Мне кажется, что Шишков смотрел в увеличительное стекло на недостатки Москвы. Ему и Шаховскому было совестно, даже унизительно состязаться с её литературною сволочью, с Владимиром Измайловым, Шаликовым, Макаровым, Бланком и другими бездарными, жеманными и приторными подражателями Карамзина. Они нападали на них, а указывали на него, почитая его главою людей, ему совершенно чуждых. Под знамена Шишкова между тем собралась дружина, и хотя в этом сброде ничтожных людей, в Станевиче, Анастасевиче, Львове, Геракове, Висковатом и многих других не встречалось ни единого таланта, за то сочинения их исполнены были безмерной, даже преувеличенной любви к отечеству. Почти в тоже время, когда в Москве жалкие писатели охали, вздыхали, на Немецкий манер сентиментальничали, в Петербурге истинная глубокая чувствительность находилась в стихах некоторых известных поэтов. Когда пленительные звуки лиры Нелединского умолкли, послышался там звонкий, нежный, трогательный голос Батюшкова, который всех очаровал.

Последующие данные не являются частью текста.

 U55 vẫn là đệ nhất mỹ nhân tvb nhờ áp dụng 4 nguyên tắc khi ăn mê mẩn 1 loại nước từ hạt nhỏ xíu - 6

В губерниях Тульской и Орловской жило семейство или, лучше сказать, целый род Бунино-Протасовский, коего все члены замечательны были умом и любознанием. По соседству часто посещая Москву и черпая в ней просвещение, до того прилепились они ко всему Немецкому, что многие из девиц, к нему принадлежащие, выходили замуж преимущественно за Немцев. В этом семействе воспитан был Жуковский.

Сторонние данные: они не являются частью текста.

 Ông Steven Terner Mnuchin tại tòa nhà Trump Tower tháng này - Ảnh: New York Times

Надобно всегда говорить правду: в начале столетия в Москве, при Александре, Немцы усмирились или, лучше сказать, примирились с Россией. Они продолжали почитать себя нашими единственными образователями, но с нежностью смотрели на мнимых своих воспитанников. Приятно теперь вспоминать об них. С расчетливостью, с аккуратностью, они совсем не были алчны в неправедной добыче; и какая была в них добросовестность, какое верование в добро и в следствие того какое легковерие)! Наш простой народ умел тем пользоваться. Известный анекдот: “Ну что, извошник, возмешь к Никита Мошенник на Стары Башмак?” — “Да три алтына”. — Нет, много, возми два полтин”. — “Ну, ладно, барин”.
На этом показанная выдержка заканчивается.